Steve-you're right, it's $12 per pair, and you'll need MTB style brake cable ends (the round ones) instead of road style cables (the pear-shaped ones).
Regarding the straightedge, with all the weeping, wailing, and gnashing of teeth about chainlines, the straightedge is a simple and extremely exact way of getting a dead straight line with minimal effort and no guesswork, especially if you've got a Phil BB. But even if you've got to swap around axle spacers or whatever else to get it straight, it's easy to know when you get it right. Glad it helped. Rod


----------



## Sketchy One

*Tektro Pooh*

As much as you want to trust the guy that gave you the "straighline" advice, I would suggest not getting the levers from Chucks. I did and they suck, you get what you pay for. I have the bullhorns from Chucks and love them, but the levers are not spring loaded, don't maintain cable tension and are made by Tektro, how well made could they be for $12 bucks. 
Bars good.
Levers bad.
That's my two cents.


----------



## rcmann

Sketchy One said:


> As much as you want to trust the guy that gave you the "straighline" advice, I would suggest not getting the levers from Chucks. I did and they suck, you get what you pay for. I have the bullhorns from Chucks and love them, but the levers are not spring loaded, don't maintain cable tension and are made by Tektro, how well made could they be for $12 bucks.
> Bars good.
> Levers bad.
> That's my two cents.


If you love the bars which are $10, then why can't the brake levers be good for $12? If you try to run non spring loaded levers with brakes that are designed with weaker caliper springs for use with spring loaded levers, of course they won't work right. If you run the levers with brakes that are designed for levers with no springs (as most of the older sidepulls are) they work great. The levers have SS hardware, brass bushings, and are as well made as most. For $12 they're a great deal.


----------



## czardonic

*What is the alternative?*

I have Dia-Compe levers that I got from Excel a couple years ago. IIRC, I paid twice as much and they aren't spring loaded either. Are there any levers like this that are?

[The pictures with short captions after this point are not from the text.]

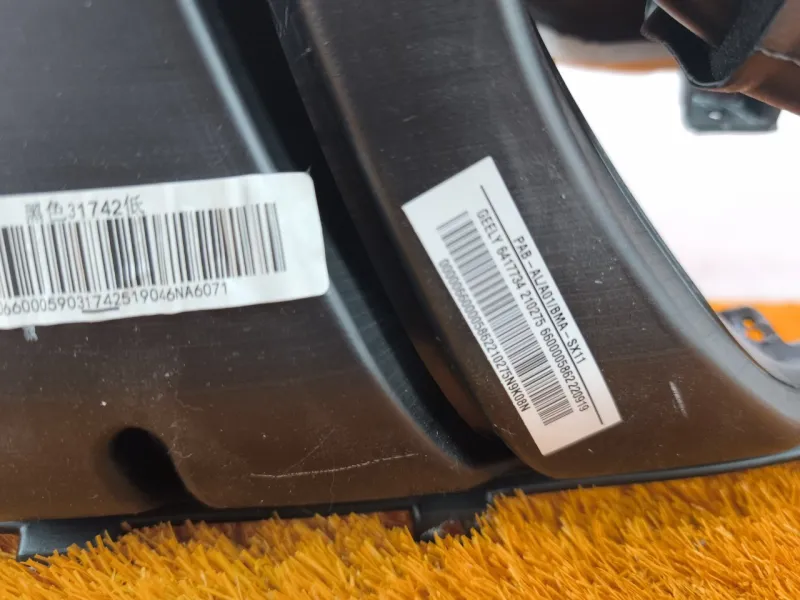 Воздуховод печки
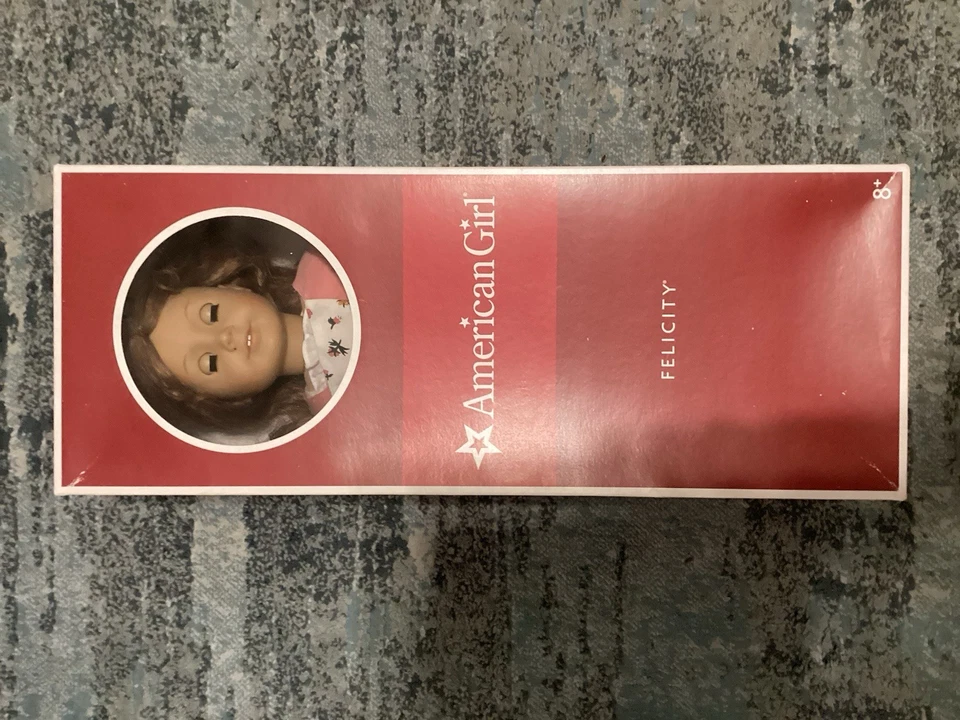 Felicity Merriman, Archived American Girl Doll - Image 1 of 4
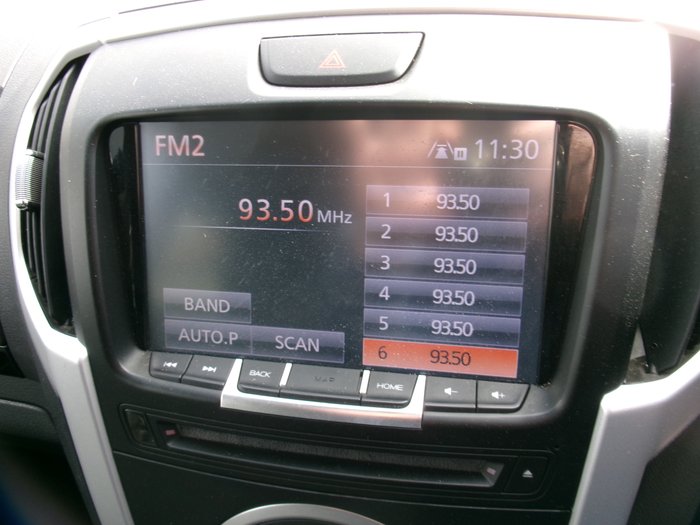 2020 ISUZU MU-X LS-T (4x4)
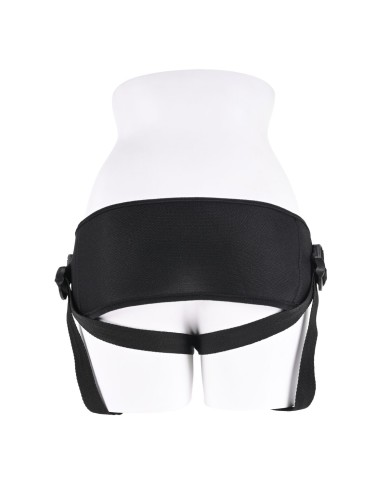 Cinghia New Comers Sportsheets Nero Cinghia New Comers Sportsheets Nero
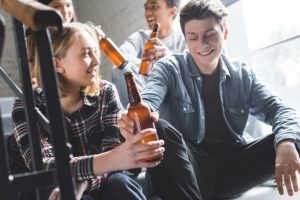 Ab InBev, leader in Italia per il mercato della birra: i marchi super premium guidano la crescita Ab InBev, leader in Italia per il mercato della birra: i marchi super premium guidano la crescita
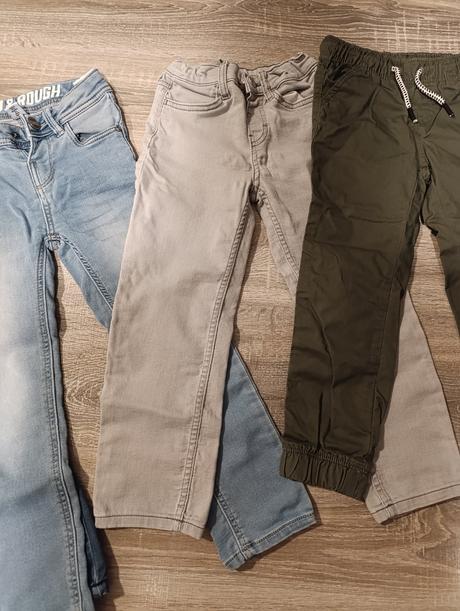 Rifle 116, dopodopo,116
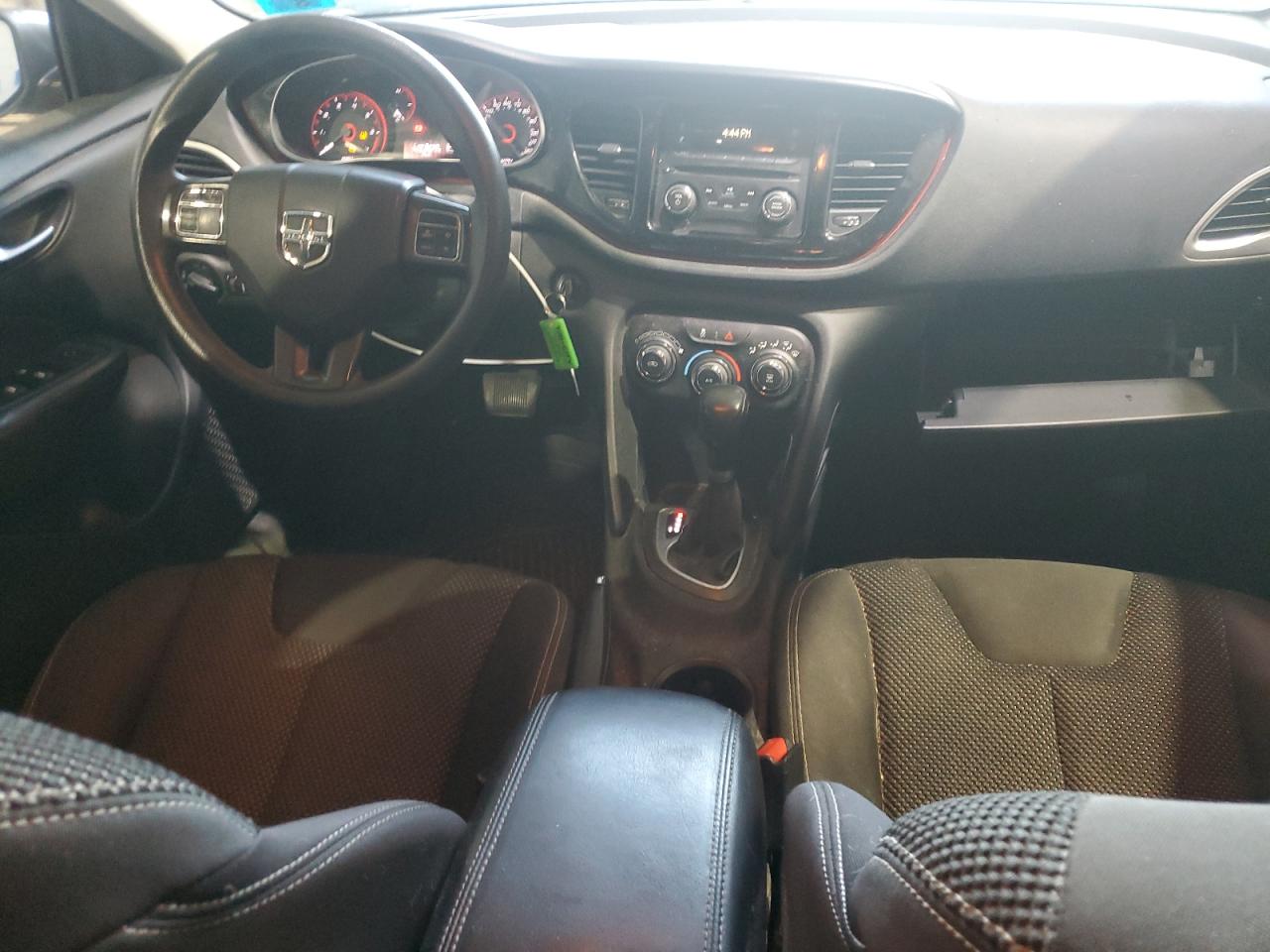 2016 Dodge Dart Sxt VIN: 1C3CDFBB0GD667855 Lot: 89618415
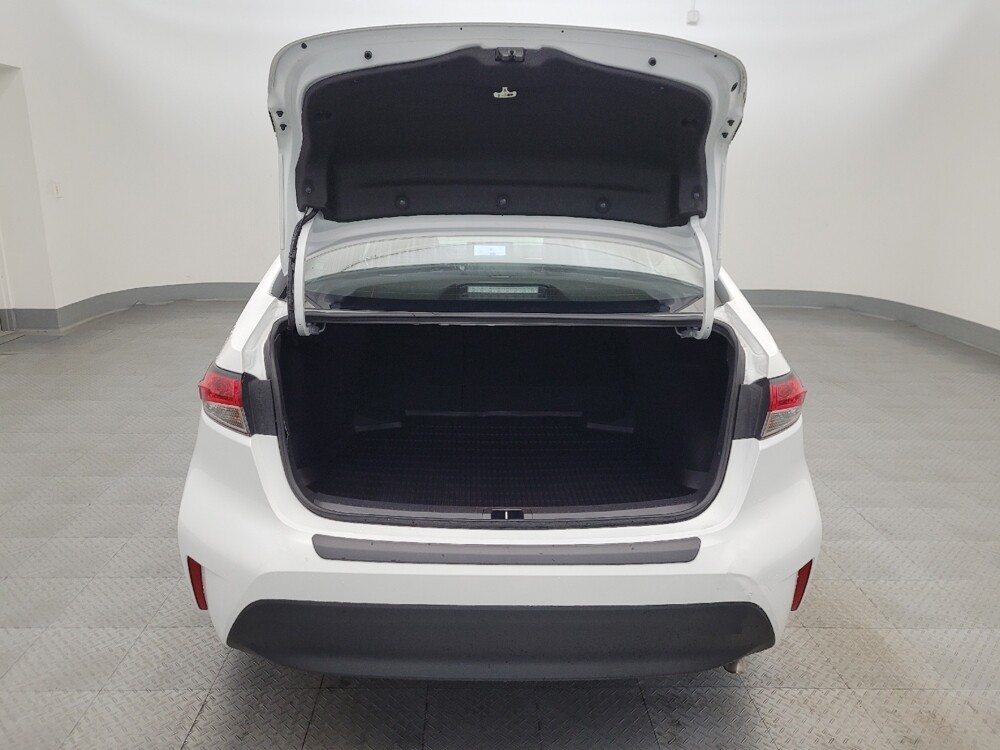 2024 Toyota Corolla in Albuquerque, NM 87123 - 18110559 29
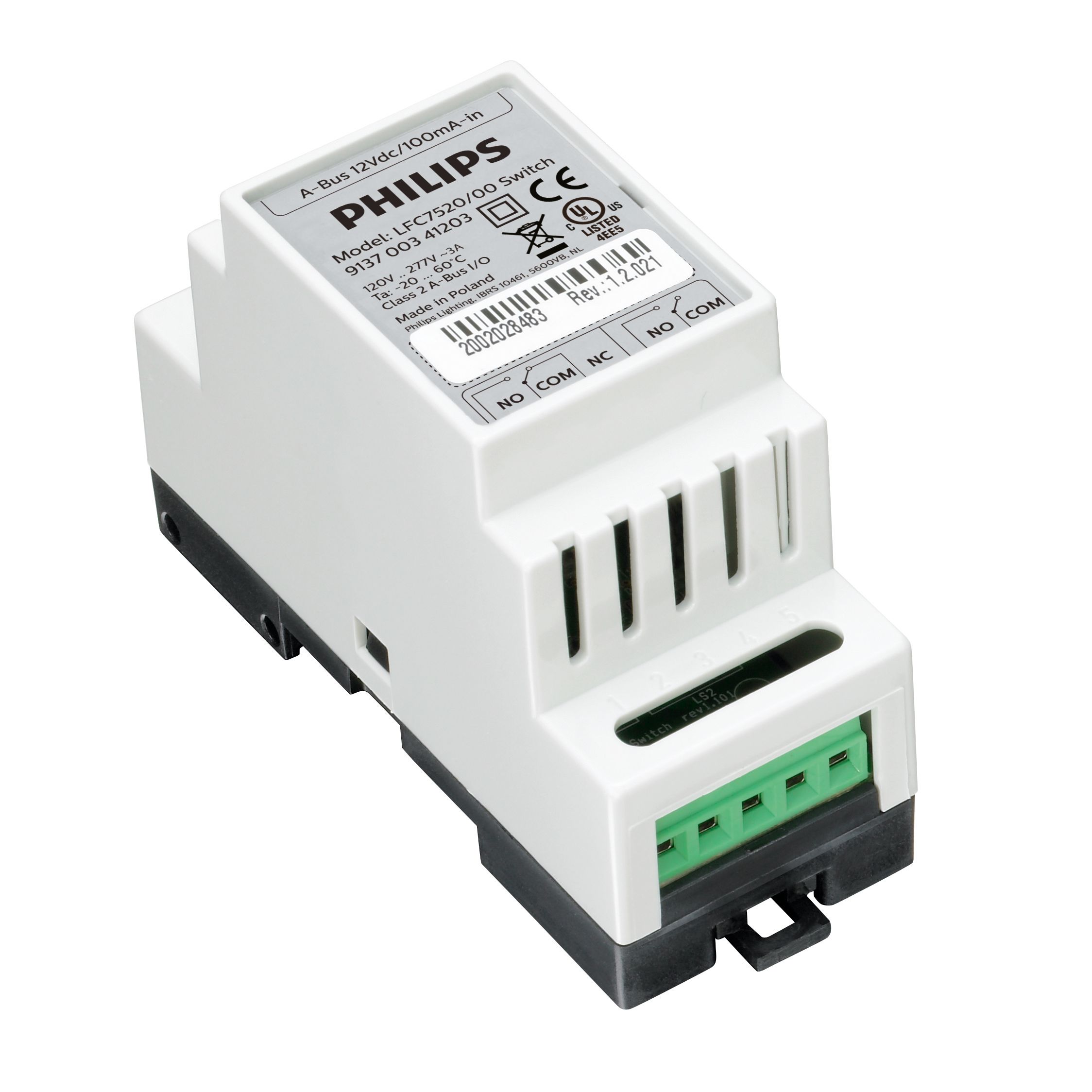Signify LFC7520 AmpLight Switch Pic_1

BTW, they still work fine.


----------



## Steve Young

*Springy ..*



rcmann said:


> If you try to run non spring loaded levers with brakes that are designed with weaker caliper springs for use with spring loaded levers, of course they won't work right.


Does anyone have any idea if the springs on the Tiagra sidepulls (less than a year old) are likely to cause me any problems. i.e. are they likely to be too weakly sprung.

I'm going to get the Tektros and do the experiment for 12 bucks anyway - just wondering ahead of time if I should anticipate any problems.

Thanks,

Steve


----------



## CFBlue

*springs / cables?*

I'm not aware of any reverse pull levers that have return springs. With all the calipers I've seen, if you have smoothly operating cables, which could be the problem, they return just fine. Ensure there is sufficent cable tension, though. Someone having trouble with the levers fully returning might try replacing, lubing, or re-routing the cables. Could have too much friction somewhere.

Doug



czardonic said:


> I have Dia-Compe levers that I got from Excel a couple years ago. IIRC, I paid twice as much and they aren't spring loaded either. Are there any levers like this that are?
> 
> BTW, they still work fine.


----------



## czardonic

*If they are at least as strong as Sora. . .*

When I put my fixed together, it was a strictly low-budget project and Sora calipers fit the bill. I have run these with un-sprung Dia-Compe levers and had no problems.


----------



## Steve Young

*Too slow ...*



Steve Young said:


> Does anyone have any idea if the springs on the Tiagra sidepulls (less than a year old) are likely to cause me any problems. i.e. are they likely to be too weakly sprung.
> 
> I'm going to get the Tektros and do the experiment for 12 bucks anyway - just wondering ahead of time if I should anticipate any problems.
> 
> Thanks,
> 
> Steve


I finally got around to ordering a set of the Tsunami bars and a set of Tektro levers from Chucksbikes. The bars are on their way but I just got an email to the effect that they sold out of the Tektros levers some time ago so I guess I'm going to go with the Cane Creeks after all.

I've compensated for the disappointment  by ordering a set of the MKS chain tugs - when everything arrives I think my Fuji Track is going to be in pretty good shape.

Steve


----------



## ukiahb

*Profile QS-2's are well made and have a return spring...*

I tried some Diacompe 188's, but had the same problems as Doug, as the expansion plug is poorly designed and the cable is routed outside the bar. Just picked up a set of the Profiles today, they are heavier but better quality, do have a return spring, route the cable inside the bar, and have an expander like an old quill stem (which should be secure and trouble free)., The old Shimano 105 SLR caliper I'm using DID work fine w/o a lever return spring, but should be even better with one. There is a photo and some info on the Profile QS-2's at http://www.tri-zone.com/Catalog/BigPFQBS.html


----------